788-Layangan
Jendral Han Sin dari Dinasti Han memang jago strategi perang. Tak heran ketika anak cucu keturunannya berhasil menerapkan strategi dalam alam lain yaitu niaga, maka segenap benteng pertahanan lawan dagang biasanya disergap secara cepat dan lambat lalu dikuasainya. Sampai-sampai keluar daratan Cina.
Alkisah 200 tahun sebelum Masehi, Jendral ini mengalami kesulitan menyerang musuhnya. Lalu ia berfikir untuk membuat terowongan memasuki benteng pertahanan musuh, dan menyergap saat musuh lengah. Untuk tujuan ini, mereka berpura-pura menerbangkan layang-layang sampai menyuruk ke daerah musuh yang sebetulnya mengukur panjang terowongan yang harus ia buat, sekaligus azimuth dan inklinasinya. Kelihatannya sejarah layang-layang bermula dari kepiawaian sang jendral.
Maka betapa saya tidak merasa jadi Jendral ketika ketika berhasil meraut buluh sebatang, dipotong sama panjang, ditimbang lantas kujadikan rangka layang-layang. Maka langkah bahagianya ketika layangan mampu melesat ke udara dengan keseimbangan yang prima.
Apalagi kalau mampu membalut benang "cap gajah" - dengan bubukan halus "amril" alias beling porselin yang jaman dulu adalah barang pecah yang wah, setelah dibubuk halus, diayak dan dicelup dalam "kak" atau lem kayu yang baunya bacin nan mblengeri, dan diadu di udara.
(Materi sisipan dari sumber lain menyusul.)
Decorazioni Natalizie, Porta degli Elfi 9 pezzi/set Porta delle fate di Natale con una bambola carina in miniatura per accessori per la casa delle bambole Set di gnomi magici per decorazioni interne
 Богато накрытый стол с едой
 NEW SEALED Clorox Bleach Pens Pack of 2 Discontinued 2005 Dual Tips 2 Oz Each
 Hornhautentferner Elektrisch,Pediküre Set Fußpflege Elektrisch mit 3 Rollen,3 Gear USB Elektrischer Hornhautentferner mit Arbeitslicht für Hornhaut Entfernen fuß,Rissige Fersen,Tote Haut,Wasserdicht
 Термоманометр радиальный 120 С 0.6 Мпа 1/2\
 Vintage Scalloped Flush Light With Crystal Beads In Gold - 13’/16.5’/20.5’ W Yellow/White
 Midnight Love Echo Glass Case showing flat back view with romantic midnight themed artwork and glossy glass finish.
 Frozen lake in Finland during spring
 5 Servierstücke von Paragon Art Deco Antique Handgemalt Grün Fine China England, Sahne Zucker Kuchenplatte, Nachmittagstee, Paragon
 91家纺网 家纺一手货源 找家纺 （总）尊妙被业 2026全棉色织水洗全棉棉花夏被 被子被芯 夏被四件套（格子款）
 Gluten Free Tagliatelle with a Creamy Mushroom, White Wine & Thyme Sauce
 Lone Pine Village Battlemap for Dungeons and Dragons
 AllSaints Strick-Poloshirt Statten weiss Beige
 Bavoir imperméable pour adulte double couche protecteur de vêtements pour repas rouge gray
Lalu sambil bersenandung lagu pernah perduli bahwa lagu tersebut bajakan dari lagu Padang "Kampuang nun jauh dimato.."
Bermain layangan selalu harus gembira dan bernyanyi, minimal bersiul sebab kalau angin sedang ogah-ogahan, lalu dewa angin dipanggil seperti siulan memanggil "kirik" atau anak anjing agar membantu anak anak bermain dengan hembusan bayunya. Seperti mendengar, pelan-pelan angin berhembus meniup layangan. Soal mengapa dirumah tidak boleh bersingsot (siul, jawa) ria, saya tidak jelas.
Kalaupun ada pengalaman nggak enak, adalah saat kepala saya dijitak sang penguasa lantaran pisau cukur lipat milik ayah "cap kupu" made in China menjadi ompong dipakai memotong layangan. Paginya ketika bapak mau mencukur kumis, terperanjat pisaunya ompong dan majal. Terang saja pisau lempar handuk ketika dipakai untuk memotong "brengos". Dulu saya anggap perbuatan ayah adalah "facist bin nazi" tetapi ketika merasakan sendiri cukur pakai silet "ralandhep" - kejengkelan ayah bisa dimaklumi.
Layang-layang juga yang "menyambut" kedatangan saya di bandara Cengkareng. Lalu terbayang pelajaran di SD, alkisah pada saat musim panen raya tiba para petani bergembira, remaja bersuka sambil bernyanyi gembira. Sementara menunggu musim tanam tiba sawah dijadikan ajang permainan layang-layang. Cerita memang berubah nada ketika panen raya tiba maka harga padi melorot diluar yang diinginkan. Tapi soal layangan tetap naik gembira.
Hanya kali ini rada ketar-ketir tatkala beberapa layangan menyeruak hampir setinggi pesawat. Bagaimana seandainya salah satu dari layang-layang yang bergelut tadi putus, lalu "mumbul" dan masuk ke "turbo" pesawat.
Apakah tidak jadi berabe. Kalau burung-burung nakal bisa diusir dengan "suara-suara" yang dipancarkan pada gelombang tertentu. Tapi bagaimana dengan layangan apakah kegembiraan anak-anak bermain yang relatip murah juga harus dikorbankan demi keamanan pesawat.